Non l’ho fatto, ho lasciato fare e va bene così, ma quando ho pensato alle catechesi in preparazione al Natale sulla Passione, avevo pensato anche alla locandina, poi non l’ho fatto perché è anche bello, ogni tanto, almeno sotto Natale, rinunciare alle proprie idee, ai propri gusti, ai propri piaceri, avevo già preparato l’immagine, e per queste catechesi avevo pensato di usare come immagine niente di religioso, niente inerente a Gesù, ma l’immagine del Signore degli Anelli, quando viene acceso il fuoco e si vede questo fuoco che comincia a diffondersi sulle montagne, sui paesaggi, ovunque e si sente questa frase: “Si è accesa la speranza”. Ecco, dentro a quelle tenebre terribili che a Mordor stavano ormai investendo tutto l’universo mondo, si accende la speranza. Come? Col fuoco. Un fuoco che divampa ovunque. Avevo scattato l’immagine di questo momento, del fuoco che viene acceso a Minas Tirith, e volevo usare questa immagine per fare il ciclo sulla Passione, perché la Passione di Gesù, la morte in Croce di Gesù è il fuoco della nostra speranza, lì inizia ad accendersi al nostra speranza. 

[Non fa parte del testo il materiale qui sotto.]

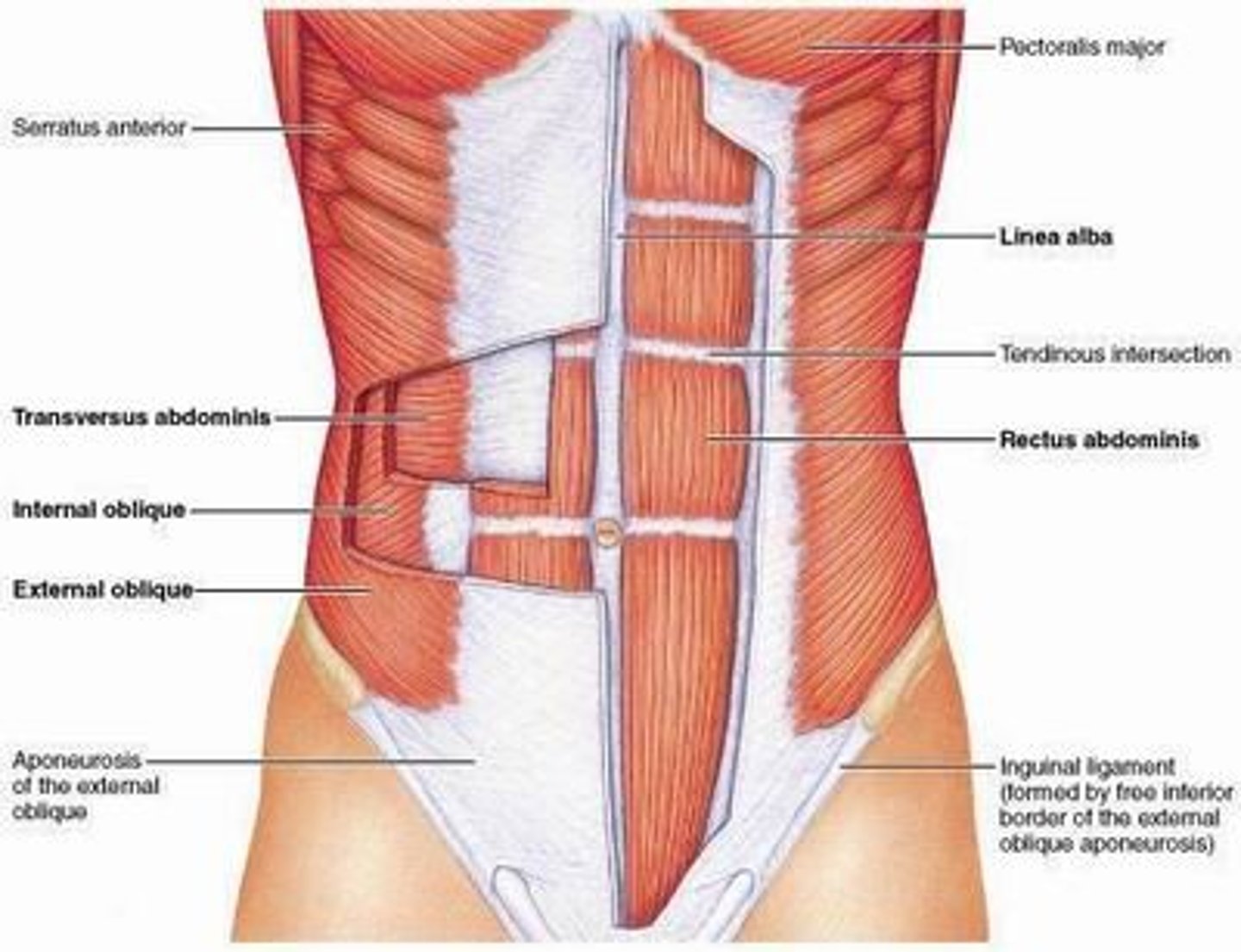 <p>abdominal muscles all attached to the abdominal aponeurosis</p><p>Rectus Abdominis</p><p>External Obliques</p><p>Internal Obliques</p><p>Transverse Abdominis</p>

Di questo dobbiamo parlare, solo di questo. Lasciamo perdere tutto il resto. Così non andremo in giro con la testa bassa, depressi, morti in piedi con queste facce da non so che cosa, terrorizzati. Andremo in giro seminando speranza, dicendo: “Calma, calma!”. Fossimo anche dentro alla tempesta più nera noi abbiamo sempre la speranza accesa che è Gesù.

“Il peccato, direttamente od indirettamente, procura qualche danno al prossimo.” 

È  vero, sempre, quando una persona è piena, è invasa dal peccato non è bello starci vicini, rovina tutto, rovina tutto con quel suo modo nefasto, buio, lugubre, con quello sguardo negativo, arcigno, sospettoso. A cosa serve? “Tristezza e malinconia fuori da casa mia” diceva San Filippo Neri.

 “Arrendiamoci ora alla divina Grazia: Vi amo, mio Dio creatore, mio Gesù, voglio sempre amarvi. O Maria, portatrice di pace tra Dio ed i peccatori, ottenetemi misericordia. Mi metto sotto il vostro manto: illuminatemi, difendetemi, salvatemi.”

3. La eternità dell’Inferno

“Il male che poco dura è un piccolo male; ma se dura per sempre, anche un solo e piccolo dolore, è tormento indicibile. Ora per i dannati è detto: «Saran tormentati giorno e notte per i secoli dei secoli» (Ap 22,10); eterno il fuoco, eterna la perdita di Dio, eterno ogni tormento, senza la minima speranza.”

È  all’Inferno che noi vedremo spento il fuoco della speranza, ma qui su questa terra, mai! Neanche se fossimo in un campo di concentramento. San Massimiliano Maria Kolbe ne è la prova.

“Questa eternità non è come il tempo che passa e porta in ogni ora soltanto il suo male; essa pesa tutta assieme e sempre, con tutti i suoi dolori, sul dannato, come una palla d’avorio pesa tutta continuamente su un punto. La colpa nell’inferno può essere punita, ma non espiata; ivi il fuoco brucia, ma non consuma; ivi regna la disperazione, non il pentimento; anzi il desiderio di peccare è insaziabile nel dannato. Dice Innocenzo III: I reprobi non si umilieranno, anzi la malignità dell’odio andrà in essi crescendo. Questa eternità ha principio, non successione, né termine. Se il peccatore in vita teme la morte, nell’inferno la desidererebbe, ma non l’avrà mai. 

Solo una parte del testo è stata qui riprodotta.